Changing the terms of an agreement under the Electronic Communications Code
Operators are serving notices on landlords demanding new agreements at fairly nominal rents under paragraph 33 of the Electronic Communications Code. If a renewal cannot be agreed with the site provider, then that paragraph allows the operator to apply to the Lands Tribunal for an order pursuant to paragraph 34 (orders the court may make) imposing a new agreement under the Electronic Communications Code (the Code).
There are however potential hurdles for an operator to overcome in any such application as telecoms expert Ian Thornton-Kemsley, a consultant for Strutt & Parker, explains:-
“In Scotland a lease continues automatically under the principle of tacit relocation. Tacit relocation, literally silent renewal, is the principle by which leases may continue beyond their contractual end date if the parties do nothing to terminate them. Termination is typically achieved by serving a formal notice to quit. If no notice to quit is given, the lease continues (typically) from year-to-year, based on the implied agreement of the parties. Generally speaking, the period of notice currently required in Scotland is a minimium of 40 days prior to the next term date but for a lease of electronic communications apparatus it is now governed by the Code”.
Under the new Code a landlord must give 18 months written notice and will only be able to bring the agreement to an end on certain limited grounds such as multiple breaches of lease, multiple incidents of failing to pay rent or for redevelopment. Where the unexpired term of the lease was less than 18 months when the new Code came into effect on the 28th December 2017 the notice period is a minimum of three months or the unexpired term whichever is the greater. This sets strict parameters for any notice in terms of paragraph 33 (3).
Mr Thornton-Kemsley points out: “If the notice is incorrectly served there may be a problem for operators in that two cases, CTIL –v- Compton and CTIL –v- Ashloch, indicate that a landlord who is not in occupation may not be able to grant new rights”.
“As in other parts of the new Code the wording reflects wording in the English Landlord & Tenant Act 1954 in order that existing case law can apply. One incidence of this appears to be paragraph 34 (12) which requires the Tribunal to take into account the terms of the existing agreement in any order under these provisions. This is identical to wording in the 1954 Act considered in the House of Lords case O’May –v- City of London Real Property Co Ltd  2 AC 726, in which it was held that the court should not generally use its discretion to change lease terms: the new lease should be the same as the old lease. If a party wanted to change any terms, the onus is on them to show that any change is fair and reasonable”.

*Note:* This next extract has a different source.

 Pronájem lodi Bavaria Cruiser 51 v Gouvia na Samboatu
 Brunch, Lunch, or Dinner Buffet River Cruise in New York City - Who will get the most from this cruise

While there is test of public need in the provisions of paragraph 33 as is required by paragraph 21 any interference with private property rights must be fully justified in terms of ECHR which of course has legal force in Scotland through the Human Rights Act 1998 and the Scotland Act 1998. This will be a matter the Tribunal will also have to consider in such applications
Mr Thornton-Kemsley considers that in many instances operators are serving such notices to obtain lower rents and there is little evidence to show how the public will benefit from the exercise of such rights.